Physical health still getting 10 times as much attention as mental health - UKCP research shows
Mental health is still the poor relation to physical health as far as parliament is concerned.
New research by the UK Council for Psychotherapy (UKCP) shows that despite passing a law last year giving mental and physical health equal importance, mental health issues are rarely raised in parliament.
An analysis of oral health questions by MPs since March 2012 shows that:
- Of 584 questions put to health ministers, only 18 focused on mental health conditions (just 3% of the total)
- Of 187 questions about specific health conditions, 169 were about physical health and 18 were on mental health (90% on physical health, 10% on mental health)
- Only 24 questions acknowledged the cross-over between our physical and mental wellbeing (4% of total questions)

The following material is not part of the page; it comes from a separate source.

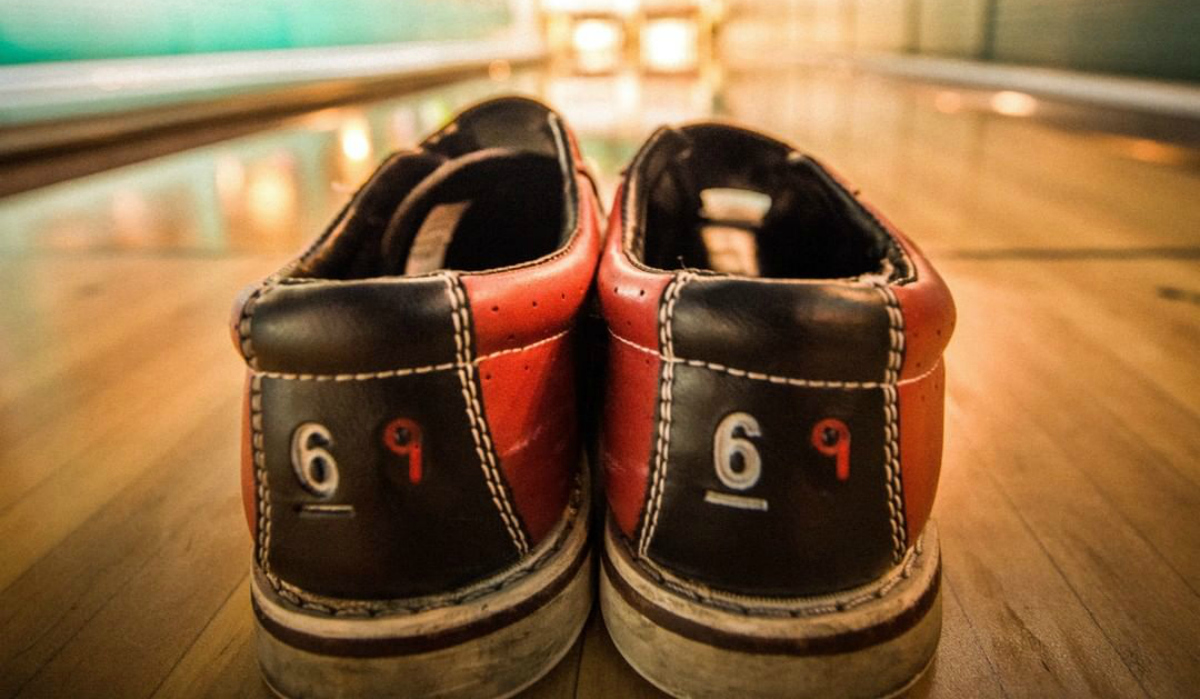 Punch Bowl Social bowling shoes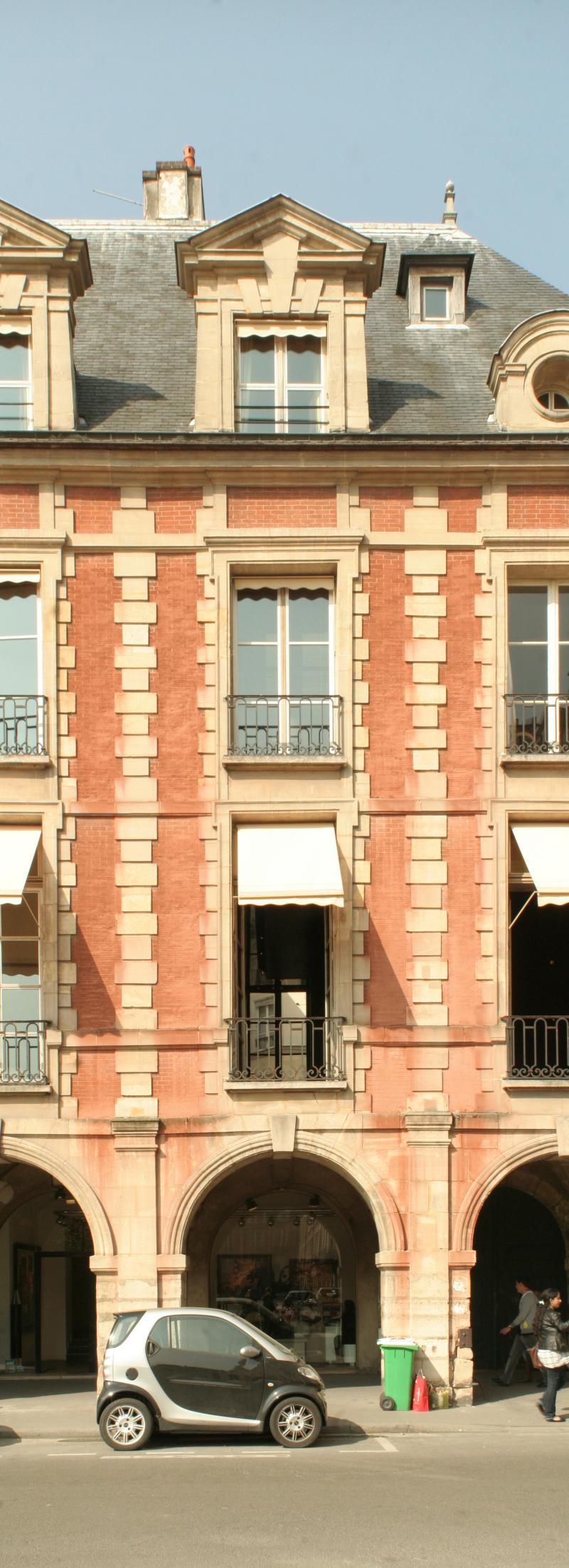 Ancien hôtel de Vitry, dit aussi hôtel de Guiche, de Boufflers, de Duras ou Lefebvre-d'Ormesson, Paris 3e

David Pink, chief executive of UKCP, said:
"There are a few MPs that have gone out of their way to raise the profile of mental health in this country. We must praise and encourage the work of people like Paul Burstow, Jack Straw, Charles Walker and others. But this research reveals that they remain a small minority.
"Our emotional and psychological wellbeing is too important to remain on the sidelines. It touches every family in the country and it needs to become everybody's business, inside parliament and out."
Paul Burstow MP, former government minister for mental health, writing exclusively in UKCP's summer edition of The Psychotherapist, said:
"The interdependence of mental and physical health should mean that we are pushing on an open door.
"But somehow the NHS default remains stubbornly biased towards physical health.
"It is a terrible false economy at the expense of people's lives - as well as the public purse."